Otro valor que nos entrega esta novela a sus lectores es una colección de imágenes surreales de una maravillosa estética; cuadros todos memorables en cuya elaboración Rivera Letelier no ha escatimado en detalles. Como la imagen de la Magalena cuando, exiliada de La Piojo, levanta su campamento en las afueras e instala su cama de bronce en medio del desierto, cerca de la via férrea y de un algarrobo sembrado en memoria de un joven enamorado que murió ahí mismo y cua ánima se cree ronda por ahí cerca. Magalena, la hermosa y seductora puta biblíca, vestida solo con una túnica transparente, ejerce disciplinada su oficio, rodeada de arena por todas partes; encima de ella, ese cielo azul casi perenne funge de techo y marco abrasador de un intercambio carnal intenso y cálido como el desierto de Atacama. Atiende uno a uno, durante lapsos de entre seis y siete minutos señalados por el tañir de una campana, a cada cliente que ordenado y civilizado espera paciente en una larga fila bajo el sol. Rescato también esa otra imagen del Cristo de Elqui en el campamento que acabo de describir, estando ellos dos solos, cuando negocia con Magalena que ella le sirva con una breve pero intensa sesión a cambio de que le enseñara esa oración tan hermosa que le oyó decir en su casa, allá en La Piojo (p. 221). De este modo, lo que pudo haber sido una escena sórdida en la oscuridad de un cuarto sombrío el novelista la localiza en un cuadro en que combinaa magia, deseo, devoción, fé y placer.
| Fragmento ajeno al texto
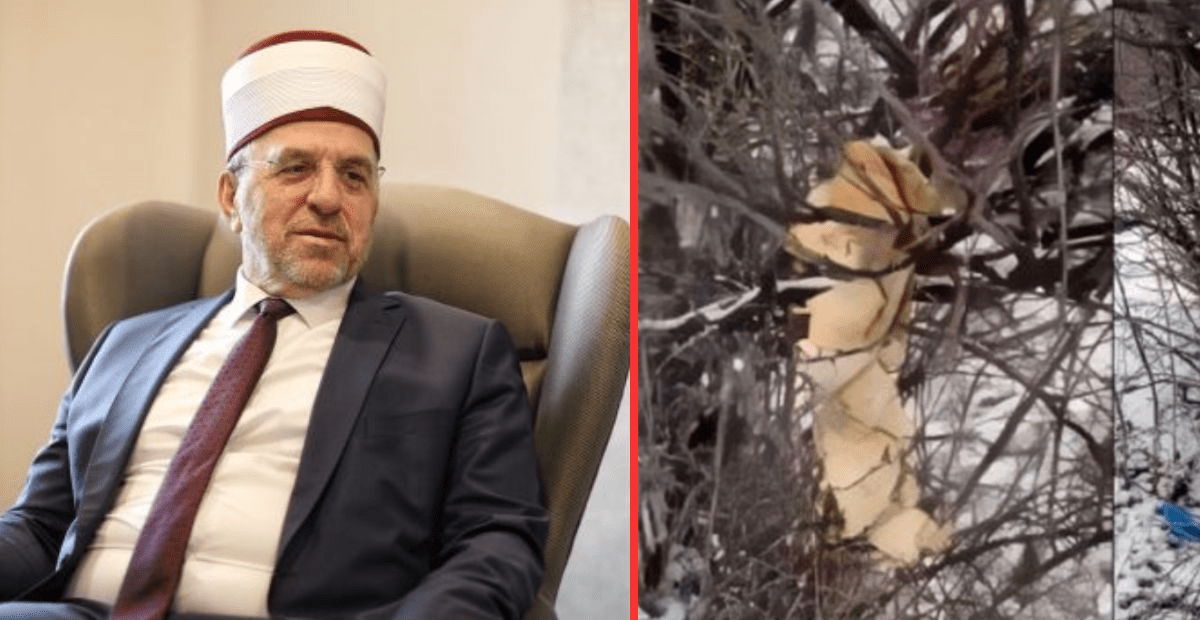 Djegia e Kuranit në Gjakovë  reagon Tërnava  Akt vandal dhe kriminal   i kryer me porosi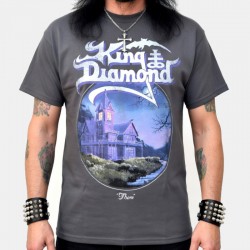King Diamond Playera Slim Fit Them
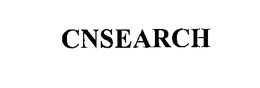 CNSEARCH trademark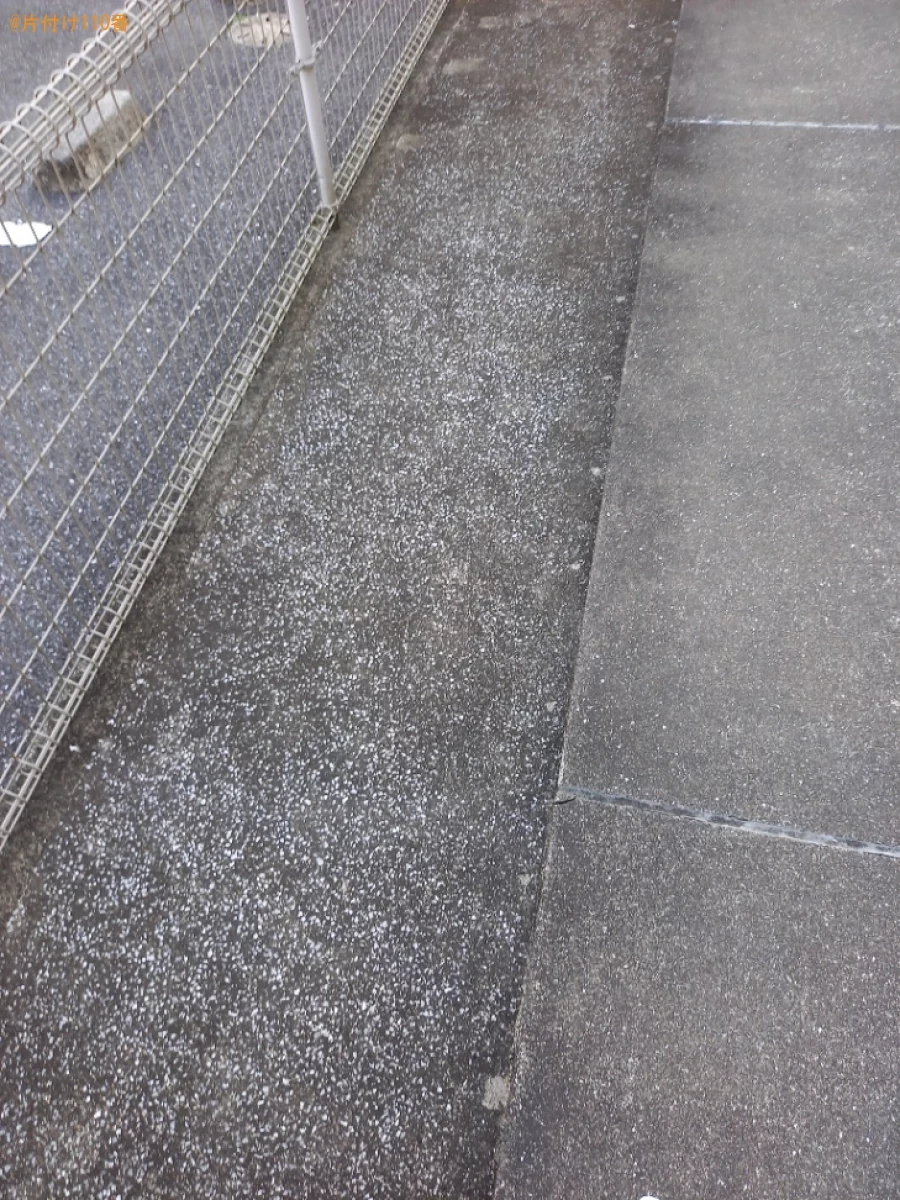 【高知市】本棚、雑誌、段ボールの回収・処分ご依頼　お客様の声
Magalena Mercado se desvistió con un ritmo y una lentitud estudiada, sabia, martirizante; lo hizo sin dejar de repetir en susurros la oración recien aprendida: Santo Dios inmortal, Santo fuerte, Santo protector, líbranos de todo mal; …-terminó de quitarse el vestido de tafetán violeta-…Verbo divino, Verbo eterno, Verbo salvador líbranos, Jesús mío, de todo dolor…-se quitó la enagua de seda-… (p. 222), y así prosigue el autor en la construcción lenta de este retrato singular teñido de un placer contaminado hasta el tuétano de devoción arrebatada hacia lo ultraterreno, cuyo final no cuento para que no se pierda el interé spor leer este libro.

Final

Hacia el final de la novela, Rivera Letelier, como narrador que piensa y habla desde el interior del Cristo de Elqui, reflexiona con tristeza sobre cómo la modernidad y los inventos que la encarnan ( la radio, la televisión, el cine son emblemáticos), trajeron aún más desencanto al mundo. Conspiraron para hacerlo menos divino y más material. En esta reflexión, un tinte melancólico impregna la narración mostrando la creciente inadecuación de un Mesías (un santo) dentro de un mundo en el que el hambre de fé ha sido inexorablemente sustituido por hambre de ilusión (que no es más que un sucedáneo de la magia de los antiguos) y hambre de glamour. En suma de un deseo de ilusión que es consecuencia del fracaso de aquella utopía de que la modernidad podía ser construida sobre los desnudos y resecos fundamentos de la técnica prescindiendo de la fé y sus visiones.

Notas

1. Hace unos meses hice una reseña en este blog de El sindicato de policía Yidish, del escritor Michael Chabon, novela que se desarrolla alrededor de una creencia judía, basada en las enseñanzas jasídicas del Rabí Nachman de Breslov—tataranieto del Baal Shem Tov—, en que cada generación nace un hombre justo, el Tzaddik Ha-Dor, con el potencial de convertirse en el Mesías. El que esto ocurra depende, no sólo de que el mundo reconozca y acepte al Tzaddik, sino de que éste acepte la forma y las circunstancias que matizan el mundo en el que nace. Podemos relacionar esta idea judía con la novela (que sin embargo presume que ya ha venido a la tierra un primer Mesías) y pensar que el Cristo de Elqui poseía el potencial para ser el Mesías (o sólo su reencarnación) pero la falta de fe de algunos hombres, lo que es algo que suele ocurrir con muchos Mesías, impidieron que éste se convirtiera en el Mesías, en una verdadera reencarnación de Jesucristo, si nos referimos a la tradición cristiana.